2 mechanical filters 
A small powerhead (plan to get 1 more)

Is there anything I'm forgetting.


----------



## Bear (Jun 8, 2006)

Hopefully someone will answer this soon, if someone doesn't get to it before tomorrow morning when I have my computer I'll fill ya in.


----------



## Fishfirst (Jan 24, 2005)

Yes you'll generally need more light than normal output florescents. I would suggest looking into T-5 lighting 2-3 watts/gallon.


----------



## johnwayne1215 (Apr 22, 2009)

Do t-5 light bulbs fit into a standard florescent fixture? If not, is there a less expensive way for me to achieve the proper lighting? 

Maybe an additional light?


----------



## Bear (Jun 8, 2006)

When you say you have a single coralife 20000k bulb, what does that mean? Is this a power compact? a normal fluorescent? and no, as fishfirst has pointed out, that's not enough.

As far as lights for zoanthids; they aren't too demanding, but that is in comparison to other corals. So that I can help in being more specific with lighting recommendations, could you please post your tank dimensions? To give you a better clue I was looking for something like one of these. 

Now where rocks are concerned your going to want to add a bunch more, im thinking about another 30 lbs or so. Since the tank is already running and cycled you can't really go about adding live rock so getting your hands on some dry/dead rock would be best. I would go somewhere like this, like I just did for a tank I am starting.

Get that skimmer in soon and toss those mechanicals for now to help keep your nutrients low.

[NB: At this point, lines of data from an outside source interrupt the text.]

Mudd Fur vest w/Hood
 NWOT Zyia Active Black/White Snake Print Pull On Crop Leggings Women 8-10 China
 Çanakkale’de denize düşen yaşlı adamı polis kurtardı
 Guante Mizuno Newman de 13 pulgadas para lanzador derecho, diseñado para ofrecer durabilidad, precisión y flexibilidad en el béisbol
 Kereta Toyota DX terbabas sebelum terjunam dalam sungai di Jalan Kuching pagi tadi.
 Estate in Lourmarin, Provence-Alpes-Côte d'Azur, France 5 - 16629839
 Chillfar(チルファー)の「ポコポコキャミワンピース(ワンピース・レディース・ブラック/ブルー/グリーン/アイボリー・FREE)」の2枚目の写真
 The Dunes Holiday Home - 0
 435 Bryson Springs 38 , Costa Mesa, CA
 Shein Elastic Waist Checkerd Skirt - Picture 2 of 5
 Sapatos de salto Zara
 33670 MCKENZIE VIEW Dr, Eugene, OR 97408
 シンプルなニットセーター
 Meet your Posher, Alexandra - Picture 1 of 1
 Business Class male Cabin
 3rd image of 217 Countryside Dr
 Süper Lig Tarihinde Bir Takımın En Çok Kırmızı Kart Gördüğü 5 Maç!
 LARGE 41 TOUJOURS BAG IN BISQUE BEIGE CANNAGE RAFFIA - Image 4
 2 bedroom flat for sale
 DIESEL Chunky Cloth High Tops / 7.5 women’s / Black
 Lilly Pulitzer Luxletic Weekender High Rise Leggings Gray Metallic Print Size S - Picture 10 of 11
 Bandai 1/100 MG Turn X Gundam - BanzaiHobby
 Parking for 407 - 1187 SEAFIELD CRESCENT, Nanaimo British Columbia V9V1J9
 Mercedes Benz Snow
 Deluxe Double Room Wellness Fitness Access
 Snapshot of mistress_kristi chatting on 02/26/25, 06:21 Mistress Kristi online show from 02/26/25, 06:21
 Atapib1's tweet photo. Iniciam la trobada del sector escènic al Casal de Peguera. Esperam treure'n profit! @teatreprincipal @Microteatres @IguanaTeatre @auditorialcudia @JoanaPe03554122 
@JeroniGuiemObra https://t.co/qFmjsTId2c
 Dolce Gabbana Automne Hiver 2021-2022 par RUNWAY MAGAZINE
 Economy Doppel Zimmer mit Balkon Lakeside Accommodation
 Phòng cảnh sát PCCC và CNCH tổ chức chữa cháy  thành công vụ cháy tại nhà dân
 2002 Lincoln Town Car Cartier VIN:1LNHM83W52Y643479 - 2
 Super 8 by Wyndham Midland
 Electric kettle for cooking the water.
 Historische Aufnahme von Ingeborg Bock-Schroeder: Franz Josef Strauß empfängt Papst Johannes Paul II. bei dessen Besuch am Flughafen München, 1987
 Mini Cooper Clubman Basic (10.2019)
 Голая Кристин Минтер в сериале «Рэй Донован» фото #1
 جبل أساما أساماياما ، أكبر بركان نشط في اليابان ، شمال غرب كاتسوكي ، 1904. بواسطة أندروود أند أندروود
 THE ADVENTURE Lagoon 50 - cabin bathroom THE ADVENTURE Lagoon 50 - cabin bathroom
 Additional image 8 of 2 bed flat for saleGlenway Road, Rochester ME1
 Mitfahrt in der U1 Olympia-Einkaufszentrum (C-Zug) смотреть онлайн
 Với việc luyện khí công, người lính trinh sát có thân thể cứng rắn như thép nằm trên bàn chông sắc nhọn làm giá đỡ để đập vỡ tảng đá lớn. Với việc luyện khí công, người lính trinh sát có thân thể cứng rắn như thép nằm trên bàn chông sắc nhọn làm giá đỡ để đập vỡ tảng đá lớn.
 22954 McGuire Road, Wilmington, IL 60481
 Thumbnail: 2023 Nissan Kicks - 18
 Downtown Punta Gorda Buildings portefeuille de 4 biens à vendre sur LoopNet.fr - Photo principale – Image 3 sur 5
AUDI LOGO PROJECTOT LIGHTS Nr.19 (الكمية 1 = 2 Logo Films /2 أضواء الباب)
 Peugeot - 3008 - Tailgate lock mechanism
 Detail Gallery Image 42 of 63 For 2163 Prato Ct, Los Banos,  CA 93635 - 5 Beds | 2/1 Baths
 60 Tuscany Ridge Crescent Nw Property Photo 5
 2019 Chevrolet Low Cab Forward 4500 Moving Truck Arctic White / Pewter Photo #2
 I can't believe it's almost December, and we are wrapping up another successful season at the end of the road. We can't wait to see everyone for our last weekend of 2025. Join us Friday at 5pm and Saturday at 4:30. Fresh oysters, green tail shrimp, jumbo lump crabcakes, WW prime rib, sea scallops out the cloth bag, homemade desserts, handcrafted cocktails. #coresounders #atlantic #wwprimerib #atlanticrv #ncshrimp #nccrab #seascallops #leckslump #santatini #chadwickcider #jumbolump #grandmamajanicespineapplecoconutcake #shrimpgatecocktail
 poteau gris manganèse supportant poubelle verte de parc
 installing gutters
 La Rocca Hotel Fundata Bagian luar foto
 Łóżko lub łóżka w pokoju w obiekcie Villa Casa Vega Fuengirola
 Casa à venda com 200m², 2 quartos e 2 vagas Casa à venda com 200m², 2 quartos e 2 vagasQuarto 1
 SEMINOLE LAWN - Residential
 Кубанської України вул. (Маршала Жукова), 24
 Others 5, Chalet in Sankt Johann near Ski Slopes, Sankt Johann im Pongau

As far as powerheads go, your going to need much more flow, at least in comparison to what you have. I've gotta head out the door right now so I can't really give you this, but I will be more than happy to help with that in the near future.

Note that this is not the only way to go about this, but it will work if done correctly.


----------



## johnwayne1215 (Apr 22, 2009)

Ok thanks for the help dude. Sry if I'm a noob or whatever haha. 

This is my first saltwater tank, and I've had relative success so far, So i just wanna make sure i get this done right. 

So should my next step be to get the skimmer working? and then get more rock? and lastly the lighting?

Also my puffers are very messy eaters and it seems the tank would be in ruin if i unhooked the mechanicals.

Why would i not be able to add more live rock to the tank in the future? What would happen if i did? 

The bulb is a normal florescent. I'm guessing that's not going to be good enough.Also the im not sure of the exact dimensions but its just the standard 29g aquarium. Whatever that is.

Thanks in advance. Sorry if I'm asking too many questions.


----------



## Bear (Jun 8, 2006)

johnwayne1215 said:


> So should my next step be to get the skimmer working? and then get more rock? and lastly the lighting?


Get the skimmer working and on the tank, so yeah that would be the first step from where you are. You'll be suprised with how much nastyness that it will pull.

When it comes to more rock make sure you are not adding live rock. Make sure it is dry. Otherwise you will restart your cycle and have to start from the very beginning.

Before you get to the lights I would take care of the flow and before you can decide on the proper flow you need to decide which corals you would like to keep. Certain corals like SPS require more and then there are those like zoanthids and LPS that require quite a bit less. There is a way to do all kinds of coral, it will just change where they are best placed in the tank.

Once you have the coral and flow thing figured out you can move to the lights, which will also depend on your coral decision. Oh, and to really help you here we're going to need ya to measure the tank. This is the only way we can figure out how much light can fit on top of it.

Also, does the tank have a canopy?



johnwayne1215 said:


> Also my puffers are very messy eaters and it seems the tank would be in ruin if i unhooked the mechanicals.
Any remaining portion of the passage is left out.